The fact that non-key workers have been told not to use public transport has made my world feel very small. Suddenly, my usual work commute from Hackney to Kings’ Cross feels unthinkable. My long Saturday nights, which might begin in north London, segue through east and end in south feel like a distant dream. Now, wherever we go, we will have to walk. My relationship with space has changed drastically.
In some ways, this makes everything feel slower – which seems significant seeing as the British (and later global) obsession with punctuality stems from the invention of the railways. Many of us no longer need to be on time to anything. These days I wake up slowly, drag myself out of the shower minutes before my working day starts, and my long, aimless daily walk feels like something to be savoured – maybe even without headphones.
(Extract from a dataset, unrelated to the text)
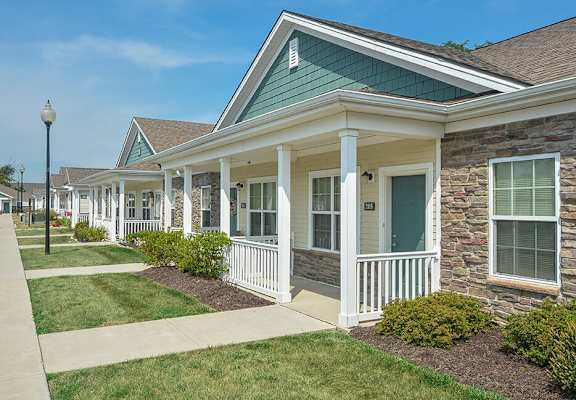 A row of houses with white porches and green roofs.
I feel more grounded in the space around me.
An hour long walk across Hackney Marshes
The intentions behind the architecture of our homes feels more obvious. In cities, many of us live in small spaces directly on top of each other. The tiny flat I live in isn’t quite a studio, but there’s not a lot of space. When it comes to isolation, there are two rooms available to rest, eat or work in. I can either go to my bedroom; or I can go to what we sometimes call “the room” – the only communal area, where the TV, sofa, washing machine, oven, dinner table and desk all live together. I’ve realised my home probably wasn’t built with the intention of its tenants spending all day inside – it was more likely designed as a base for eating and sleeping, that provided access to the lights of London.
“As my days become slow and still, I focus more on the minutiae of how my body occupies space”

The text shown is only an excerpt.